Pare brutto dirlo e infatti non l'ho detto a nessuno, prima (anche per non gufare), e ho anche un po' di ritegno a dirlo adesso, cioé dopo; e poi nonostante tutto, probabilmente anche a causa della mia innata e inveterata stupidità, c'è che io sono patriottica.
"L'Italia è il Paese che amo" (cit.)
E ciò comporta che quando si tratta di sport tifo la qualunque, basket, ping-pong, curling, palla prigioniera, tiro al piattello, boccette, basta che ci sia una maglia azzurra in campo.
Però ieri un po' (molto) ci speravo che l'Italia perdesse. Non che vincesse la Spagna, proprio che perdesse l'Italia. Perché questo Paese che amo tende a nascondere molta sporcizia sotto il tappeto delle vittorie sportive, meritate o meno che siano. Perché una vittoria agli Europei avrebbe cancellato meglio di un'amnistia tutto lo schifo dello scandalo scommesse (per tacere d'altro, perché io non me lo spiego come mai giocatori giovani e professionisti, che dovrebbero essere al top della forma, si rompono come e peggio dei pensionati ultrasettantenni mentre i loro omologhi spagnoli, reduci peraltro da una stagione lunga di coppe e scudetti, hanno corso come dannati, maledetti loro, per 90 minuti di fila e Buffon ne sa qualcosa).
Perché la sigletta anticipatoria di RaiUno mescolava Zoff e Mennea e l'alluvione di Genova e la Pennetta e Falcone e Grosso e il terremoto e Pertini, e a me è sembrato ridicolo, grottesco e vergognoso.

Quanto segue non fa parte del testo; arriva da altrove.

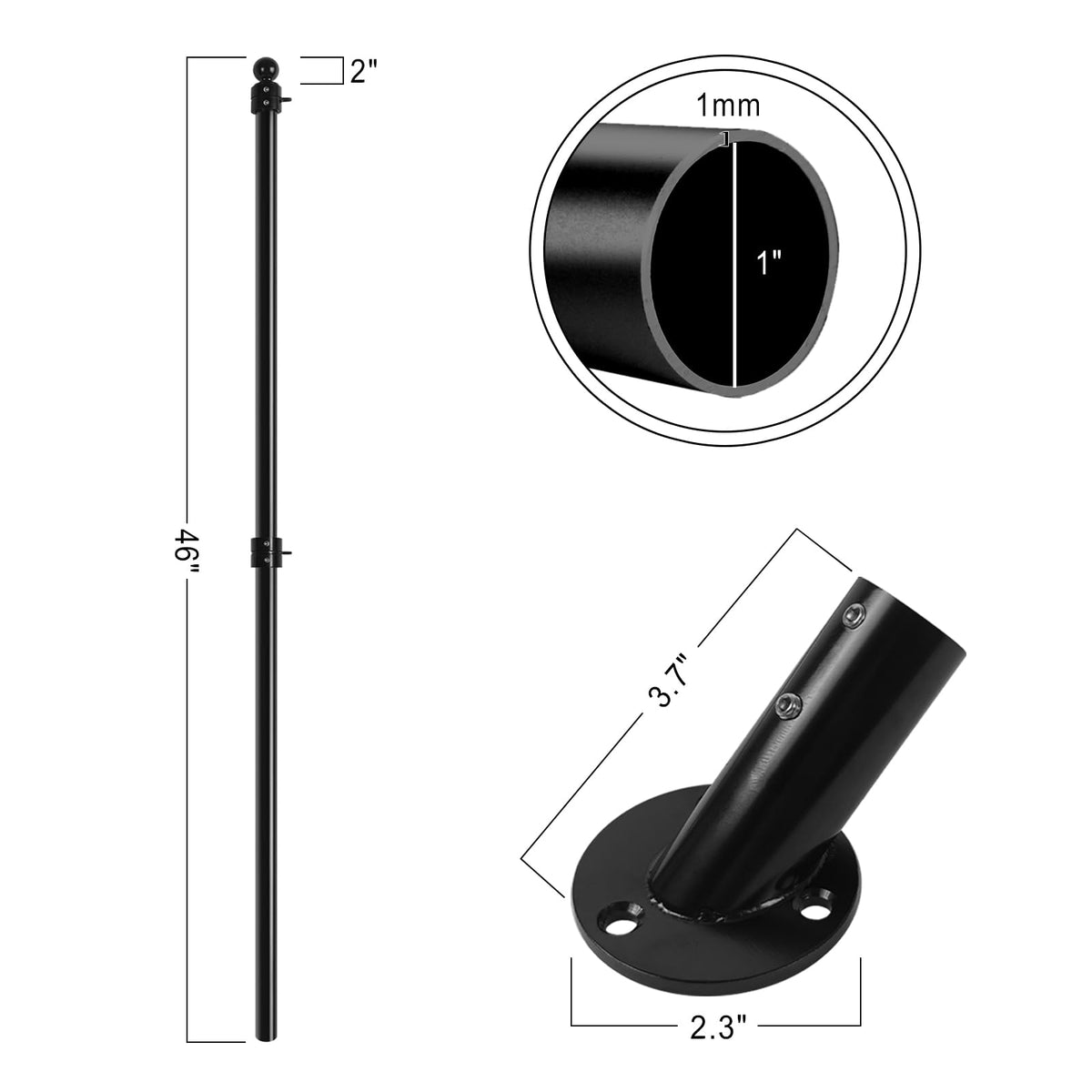 47" Stainless Steel Flag Pole Kit with Wall Mount Bracket Y68848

Perché i giornalisti italiani, l'ho detto e lo ripeto, sono intollerabili: una partita vinta (con due episodi fortunati due) e parlano di "università del calcio", all'inizio della finale sono già pronti con i peana di gloria, alla fine commentano "beh, avevamo contro la migliore squadra del mondo", e abbiamo perso 4-0, mica 2-1, e per risultati molto meno catastrofici altri allenatori ed altre compagini sono stati crocifissi, ma questi no perché questi sono simpatici, o chissà perché.